The Burst Buffer is a new high-performance storage system for Palmetto users, consisting of four storage servers running a BeeGFS parallel file system running on flash-based (NVMe) storage along with a rotational disk staging area. Although the Burst Buffer provides high-throughput and low-latency storage to all applications, its primary benefit is reducing I/O bottlenecks caused by small file operations and non-contiguous shared file access.

NVMe storage is available in two configurations, protected and non-protected. Protected storage mirrors data across NVMe drives on different servers. If an NVMe drive fails, protected data is still available on another server (transparently to the user) and is still accessible if a single storage server goes down. In the non-protected configuration, data is lost if a drive is lost and this data is not accessible if any one of the servers is down. Reads in the protected configuration perform as well as the non-protected configuration. However, writes in the protected configuration take twice as much time AND space as the non-protected configuration.

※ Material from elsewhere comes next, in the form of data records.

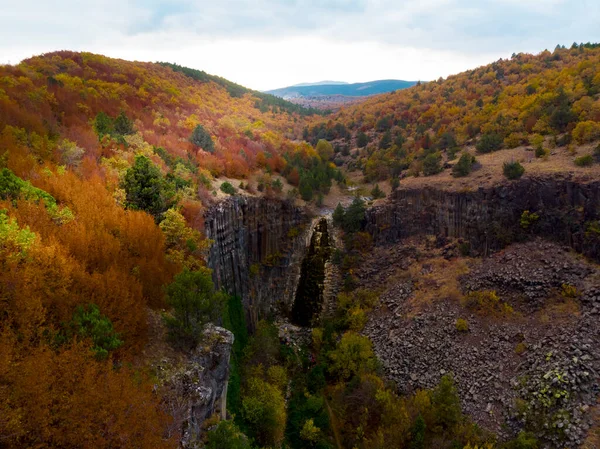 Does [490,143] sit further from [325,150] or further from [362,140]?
[325,150]

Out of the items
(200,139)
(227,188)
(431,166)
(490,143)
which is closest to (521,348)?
(431,166)

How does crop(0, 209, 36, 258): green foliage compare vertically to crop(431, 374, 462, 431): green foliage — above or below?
above

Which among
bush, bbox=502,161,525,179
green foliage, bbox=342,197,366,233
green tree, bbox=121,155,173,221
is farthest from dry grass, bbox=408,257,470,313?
green tree, bbox=121,155,173,221

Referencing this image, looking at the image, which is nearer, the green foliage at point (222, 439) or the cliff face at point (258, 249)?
the green foliage at point (222, 439)

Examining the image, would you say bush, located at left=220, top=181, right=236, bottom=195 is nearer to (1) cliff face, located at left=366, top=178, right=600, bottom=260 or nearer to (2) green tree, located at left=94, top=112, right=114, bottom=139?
(2) green tree, located at left=94, top=112, right=114, bottom=139

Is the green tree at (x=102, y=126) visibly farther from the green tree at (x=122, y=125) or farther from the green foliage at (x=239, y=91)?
the green foliage at (x=239, y=91)

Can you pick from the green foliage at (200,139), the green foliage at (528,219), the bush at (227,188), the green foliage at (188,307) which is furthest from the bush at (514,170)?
the green foliage at (200,139)

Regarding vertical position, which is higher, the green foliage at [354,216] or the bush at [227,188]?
the bush at [227,188] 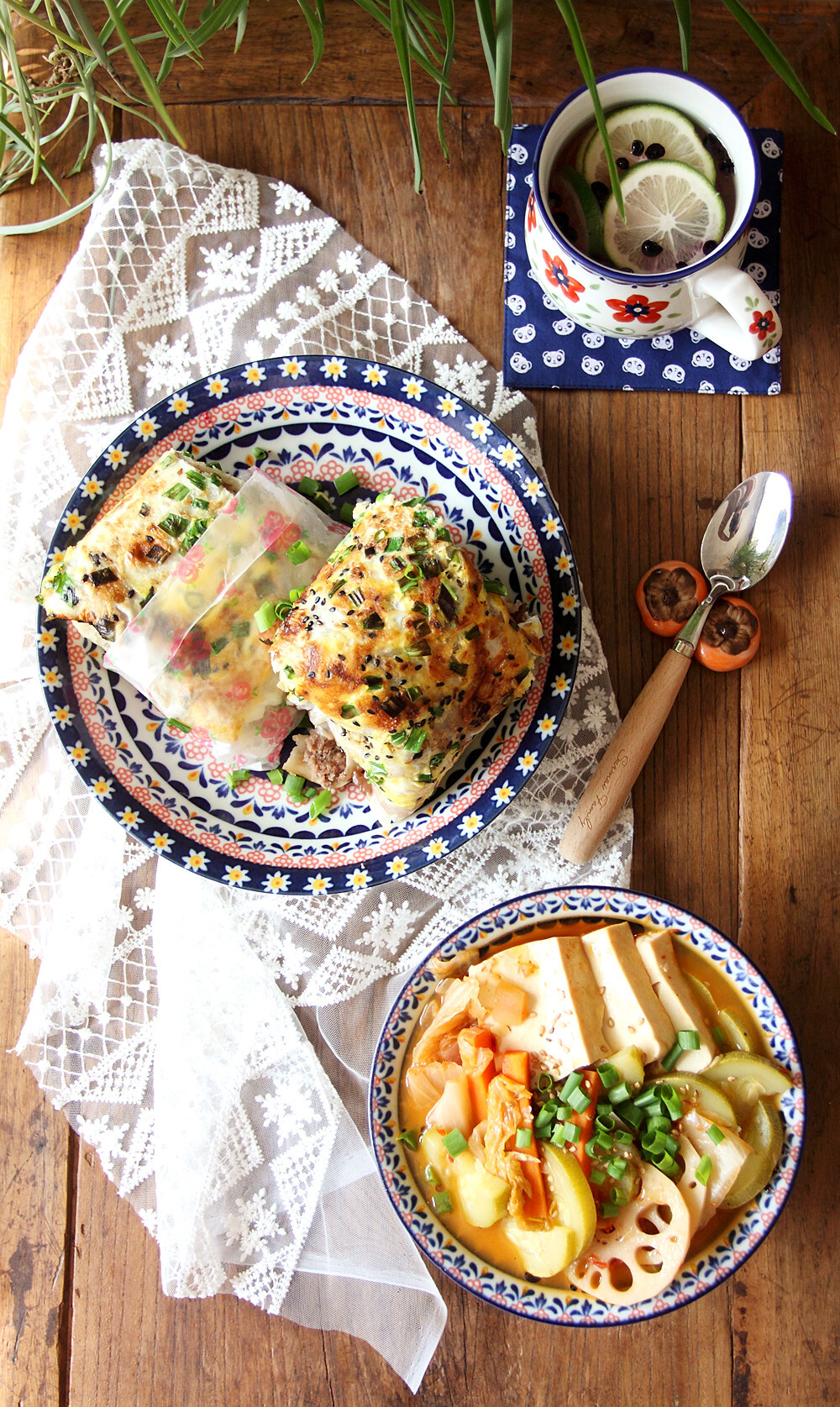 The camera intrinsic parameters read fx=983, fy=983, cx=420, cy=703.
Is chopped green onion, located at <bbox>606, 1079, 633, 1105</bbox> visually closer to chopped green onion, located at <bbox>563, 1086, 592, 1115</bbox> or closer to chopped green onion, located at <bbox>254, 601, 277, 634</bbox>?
chopped green onion, located at <bbox>563, 1086, 592, 1115</bbox>

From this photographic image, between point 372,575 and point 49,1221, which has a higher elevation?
point 372,575

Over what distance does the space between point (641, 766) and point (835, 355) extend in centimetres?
121

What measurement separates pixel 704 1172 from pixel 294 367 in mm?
2107

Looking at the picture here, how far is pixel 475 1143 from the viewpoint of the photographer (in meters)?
2.31

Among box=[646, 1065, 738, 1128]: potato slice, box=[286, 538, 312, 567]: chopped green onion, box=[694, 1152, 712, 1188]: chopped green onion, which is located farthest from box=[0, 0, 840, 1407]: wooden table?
box=[286, 538, 312, 567]: chopped green onion

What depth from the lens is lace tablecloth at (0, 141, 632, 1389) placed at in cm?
251

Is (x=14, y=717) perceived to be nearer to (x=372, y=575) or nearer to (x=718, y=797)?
(x=372, y=575)

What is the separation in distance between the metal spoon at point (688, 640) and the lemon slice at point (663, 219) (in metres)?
0.58

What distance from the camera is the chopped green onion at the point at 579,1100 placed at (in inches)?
88.4

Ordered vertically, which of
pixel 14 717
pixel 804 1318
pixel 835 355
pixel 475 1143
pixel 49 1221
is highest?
pixel 835 355

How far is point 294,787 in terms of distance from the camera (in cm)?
244

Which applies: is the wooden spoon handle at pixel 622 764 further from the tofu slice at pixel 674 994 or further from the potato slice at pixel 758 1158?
the potato slice at pixel 758 1158

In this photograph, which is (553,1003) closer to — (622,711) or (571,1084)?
(571,1084)

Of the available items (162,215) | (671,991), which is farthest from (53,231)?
(671,991) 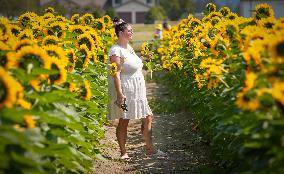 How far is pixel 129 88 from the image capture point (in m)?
7.38

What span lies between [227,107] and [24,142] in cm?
219

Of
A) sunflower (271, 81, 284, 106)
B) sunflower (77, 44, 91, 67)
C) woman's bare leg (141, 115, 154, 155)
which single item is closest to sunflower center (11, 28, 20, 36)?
sunflower (77, 44, 91, 67)

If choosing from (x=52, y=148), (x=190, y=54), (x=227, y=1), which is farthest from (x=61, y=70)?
(x=227, y=1)

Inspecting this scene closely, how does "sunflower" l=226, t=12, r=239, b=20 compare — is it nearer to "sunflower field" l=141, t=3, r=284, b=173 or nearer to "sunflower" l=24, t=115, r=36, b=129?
"sunflower field" l=141, t=3, r=284, b=173

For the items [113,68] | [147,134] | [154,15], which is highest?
[154,15]

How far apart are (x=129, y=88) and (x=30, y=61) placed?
2.98 meters

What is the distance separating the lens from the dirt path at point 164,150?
6.83m

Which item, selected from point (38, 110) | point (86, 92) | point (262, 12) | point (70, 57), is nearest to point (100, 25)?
point (70, 57)

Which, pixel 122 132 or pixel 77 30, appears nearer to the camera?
pixel 122 132

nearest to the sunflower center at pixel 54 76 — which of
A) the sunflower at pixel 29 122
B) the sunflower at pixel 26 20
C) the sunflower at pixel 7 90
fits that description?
the sunflower at pixel 29 122

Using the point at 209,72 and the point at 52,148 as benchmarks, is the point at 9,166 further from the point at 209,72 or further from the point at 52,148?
the point at 209,72

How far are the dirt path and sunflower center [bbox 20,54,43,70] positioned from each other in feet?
7.04

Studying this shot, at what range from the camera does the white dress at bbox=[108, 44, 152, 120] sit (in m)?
7.33

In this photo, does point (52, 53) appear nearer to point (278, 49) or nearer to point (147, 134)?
point (278, 49) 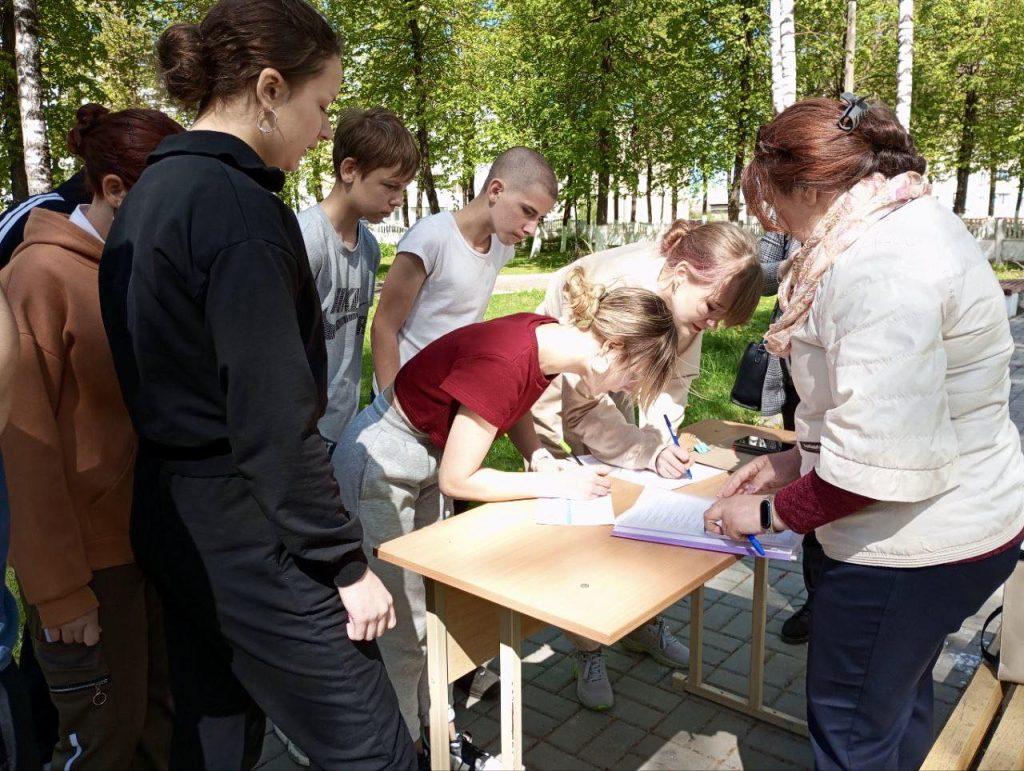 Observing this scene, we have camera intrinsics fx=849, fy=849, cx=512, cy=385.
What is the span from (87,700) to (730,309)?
209 cm

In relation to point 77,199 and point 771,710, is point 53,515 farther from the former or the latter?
point 771,710

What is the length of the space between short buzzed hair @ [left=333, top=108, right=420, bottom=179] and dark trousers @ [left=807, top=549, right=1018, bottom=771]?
6.35 feet

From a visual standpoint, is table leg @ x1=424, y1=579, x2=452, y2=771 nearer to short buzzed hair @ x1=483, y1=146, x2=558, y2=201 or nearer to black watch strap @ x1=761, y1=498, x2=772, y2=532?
black watch strap @ x1=761, y1=498, x2=772, y2=532

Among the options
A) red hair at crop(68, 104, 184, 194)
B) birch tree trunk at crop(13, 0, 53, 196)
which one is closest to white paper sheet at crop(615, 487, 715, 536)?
red hair at crop(68, 104, 184, 194)

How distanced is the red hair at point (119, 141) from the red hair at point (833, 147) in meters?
1.36

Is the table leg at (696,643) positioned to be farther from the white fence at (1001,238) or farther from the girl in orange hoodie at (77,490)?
the white fence at (1001,238)

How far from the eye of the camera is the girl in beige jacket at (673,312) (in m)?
2.72

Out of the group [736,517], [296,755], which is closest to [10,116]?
[296,755]

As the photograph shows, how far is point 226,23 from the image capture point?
1.52 m

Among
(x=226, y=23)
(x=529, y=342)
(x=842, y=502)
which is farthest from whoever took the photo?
(x=529, y=342)

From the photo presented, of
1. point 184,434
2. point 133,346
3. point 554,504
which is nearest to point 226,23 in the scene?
point 133,346

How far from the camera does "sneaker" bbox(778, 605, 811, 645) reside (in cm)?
346

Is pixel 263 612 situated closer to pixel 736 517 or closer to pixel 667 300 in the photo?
pixel 736 517

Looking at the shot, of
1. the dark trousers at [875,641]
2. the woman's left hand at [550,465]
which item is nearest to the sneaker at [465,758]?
the woman's left hand at [550,465] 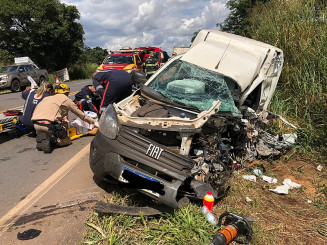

Accordingly, for workloads that need the maximum possible write performance AND where results can be easily replicated, non-protected storage is the best choice. Otherwise, use protected storage.

Burst Buffer Data Flow

A typical project involving the Burst Buffer, will have the following data flow.

  • Copy initial data from ZFS storage to staging.
  • For each job run until finished:
    • Copy data from staging to NVMe (fast or fast-buddy)
    • Process data on the compute nodes, interacting with NVMe
    • Copy results back to staging
  • Copy final results back from staging to ZFS storage.

Burst Buffer data flow diagram.

Resource Requirements

To take advantage of the Burst Buffer’s performance, adequate interconnect and cpus must be requested to ensure a high-performance network connection from the compute node to the Burst Buffer.

You will need to request the following PBS job resources to be able to use the Burst Buffer: 1. interconnect={hdr|fdr} 2. ncpus={2 or more}

The Burst Buffer contains 168TB of NVMe storage, therefore, user’s scripts, input data, and output data cannot exceed: 1. 84 TB, in a protected configuration (NPL=fast-buddy) 2. 168TB, in a non-protected configuration (NPL=fast) NOTE: NPL = NVMe Protection Level

PBS Script Requirements

To automatically copy your data between the staging area and the NVMe drives, use the PBS stagein and stageout commands.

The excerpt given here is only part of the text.